What was once a manufacturer of fine crystal is now to become nothing more than a tourist attraction, a stop on the Irish tour itinerary. Watch the skilled craftsmen blow goblets. Have a blow yourself and see what it used to be like, back when people had to have fine Waterford crystal on their dining table.

KPS Capital Partners bought up the assets of Waterford Wedgwood when the company went under, another victim of changing tastes and sliding fortunes. They weren't interested in glass making or porcelain production, and they didn't need all those glass-blowers or furnace tenders or the like.

The sit-in was launched to save the 480 jobs in the Kilbarry plant. Following the union's acceptance of KPS Capital's deal, only 176 people will have work, and they will be more like docents in a museum than artisans. The Kilbarry facility will remain open, to produce a few items so that the tourists can continue to see how crystal is manufactured by hand.

If, by some chance, you're still looking for a piece of genuine Waterford crystal that was made in Ireland by Irish glass blowers, you'll want to hunt down the Prestige line. Anything else with the Waterford name will be Waterford in name only.

Saturday, March 21, 2009

An Unpleasant Welcome Home

For a few days, I was left to obsess over the submissions without being able to do a thing about it. No computer, no e-mail to check....until the homecoming.

Courtney Miller-Callihan didn't fall in love with the main character. It's a full rejection.

Not what I much cared to see in the overflowing e-mail box after a lovely holiday. Making matters worse, there were no requests from other agents to see the manuscript.

So the party's over, and on Monday it's back to work and back to the old slog of query, query, query.

Friday, March 20, 2009

What Happened To The Credit Crunch?

Would you like of line of credit, she asked. The bank has a very good interest rate, 3.99% for fifteen years.

If I needed the money, maybe I'd take her up on it. But I don't. And I wouldn't be doing a lot of borrowing against the equity of my home these days. Who knows what that equity might be in a year?

There was supposed to be a credit crunch, in spite of the government bail-out that was meant to unfreeze lending. Does this mean it's working?

Or does it mean that the bank is calling me because it knows that I have loads of equity built up? They want me in hock for more because I pay my mortgage precisely on time every month, and they'd really like to loan money to someone with a good track record.

There's just something utterly insane about considering a loan unless there were some dire emergency. To take advantage of credit just because it's there is what got us into this mess, and I'm not going to dip a toe into the world of reckless financing for the sake of giving it a try.

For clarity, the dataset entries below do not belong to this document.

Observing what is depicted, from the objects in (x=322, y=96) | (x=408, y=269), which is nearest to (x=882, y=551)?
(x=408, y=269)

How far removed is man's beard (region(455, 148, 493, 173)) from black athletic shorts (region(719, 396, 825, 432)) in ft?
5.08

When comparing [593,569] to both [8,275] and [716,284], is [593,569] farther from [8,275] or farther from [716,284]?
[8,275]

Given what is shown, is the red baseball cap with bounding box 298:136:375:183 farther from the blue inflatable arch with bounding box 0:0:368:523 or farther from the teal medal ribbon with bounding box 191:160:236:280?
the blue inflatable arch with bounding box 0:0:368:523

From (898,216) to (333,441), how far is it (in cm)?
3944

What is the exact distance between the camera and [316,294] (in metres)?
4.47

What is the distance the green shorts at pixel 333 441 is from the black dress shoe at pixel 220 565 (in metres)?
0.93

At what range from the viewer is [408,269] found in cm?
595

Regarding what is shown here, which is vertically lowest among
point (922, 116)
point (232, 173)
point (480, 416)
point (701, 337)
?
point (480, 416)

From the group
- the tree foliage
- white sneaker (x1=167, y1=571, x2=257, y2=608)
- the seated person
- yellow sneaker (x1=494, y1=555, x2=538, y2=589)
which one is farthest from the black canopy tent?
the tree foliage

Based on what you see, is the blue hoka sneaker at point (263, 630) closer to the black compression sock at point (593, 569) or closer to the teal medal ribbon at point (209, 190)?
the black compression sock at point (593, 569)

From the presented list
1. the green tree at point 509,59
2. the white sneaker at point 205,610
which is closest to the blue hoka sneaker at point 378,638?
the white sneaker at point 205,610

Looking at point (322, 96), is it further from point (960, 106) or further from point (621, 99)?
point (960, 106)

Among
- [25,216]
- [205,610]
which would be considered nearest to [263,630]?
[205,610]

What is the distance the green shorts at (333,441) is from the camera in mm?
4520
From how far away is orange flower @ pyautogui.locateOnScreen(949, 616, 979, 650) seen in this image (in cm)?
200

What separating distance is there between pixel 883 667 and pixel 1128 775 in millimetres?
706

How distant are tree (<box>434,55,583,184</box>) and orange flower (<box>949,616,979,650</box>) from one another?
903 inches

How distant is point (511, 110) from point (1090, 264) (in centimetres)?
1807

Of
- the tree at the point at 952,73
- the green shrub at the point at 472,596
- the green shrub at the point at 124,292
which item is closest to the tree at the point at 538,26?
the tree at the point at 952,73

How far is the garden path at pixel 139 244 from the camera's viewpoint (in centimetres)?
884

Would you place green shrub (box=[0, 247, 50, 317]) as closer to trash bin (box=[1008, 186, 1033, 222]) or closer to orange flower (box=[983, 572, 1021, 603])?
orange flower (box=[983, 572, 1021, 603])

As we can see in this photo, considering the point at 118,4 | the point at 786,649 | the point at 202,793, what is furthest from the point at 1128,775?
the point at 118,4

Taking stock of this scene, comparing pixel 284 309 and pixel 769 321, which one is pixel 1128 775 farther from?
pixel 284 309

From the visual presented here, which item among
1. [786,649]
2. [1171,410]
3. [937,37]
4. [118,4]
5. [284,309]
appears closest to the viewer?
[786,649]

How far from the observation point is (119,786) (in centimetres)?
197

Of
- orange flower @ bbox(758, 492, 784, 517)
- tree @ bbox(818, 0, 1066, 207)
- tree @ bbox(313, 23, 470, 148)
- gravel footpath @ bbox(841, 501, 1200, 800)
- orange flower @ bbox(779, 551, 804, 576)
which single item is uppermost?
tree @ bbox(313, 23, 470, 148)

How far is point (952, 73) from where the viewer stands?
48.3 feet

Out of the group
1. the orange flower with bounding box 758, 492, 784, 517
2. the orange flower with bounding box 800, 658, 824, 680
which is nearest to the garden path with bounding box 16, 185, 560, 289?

However, if you're in the market for a home loan, the banks have money that they'd like to get out there in the free market. They have so much of it that they've got a telemarketer calling clients, trying to push the product. If only the line of credit came with a Sham-wow...

Wednesday, March 18, 2009

Apparently We Don't Share A Sense of Humor

What Dan Lazar finds funny isn't what I think is witty.

If we shared the same sense of humor, he wouldn't have rejected my recent query.

He's looking for novels that make him laugh out loud, and my first pages are enough to garner a serious snicker, at a minimum. But maybe my words are too Midwestern, not clever enough. Or maybe my humor is too dry, not to everyone's taste.
"We’re afraid your project does not seem right for our list, but thank you for thinking of Dan, and best of luck in your search for representation."

So says Mr. Lazar's assistant, Stephen Barr, who also doesn't share my idea of what constitutes funny.

Back to the agent search, then, to find literary representation that I can share a laugh with. There must be someone out there, isn't there?

Tuesday, March 17, 2009

It's A Great Day To Be Irish

Here's St. Patrick and his famous mountain, Croagh Patrick. It's said that if you climb the mountain in bare feet on Reek Sunday, your prayers will be answered.

You'll be praying for the pain in your feet to go away.

Safer by far to toast the patron saint of Ireland and say a prayer that your head won't be splitting in two tomorrow morning.

Everyone's Irish on St. Patrick's Day. Celebrate this great blessing.

Here's a free Irish lesson, to add that necessary touch of authenticity:

Monday, March 16, 2009

Not Now, Not A Year From Now

There's a question that pops up every now and then in writers' forums. If an agent has turned you down, can you ask again?

The rule of thumb holds that you usually can, if you wait a good long time. You'll have a fresh and more effective query by then, something that might hook the agent's interest when you failed on the first try.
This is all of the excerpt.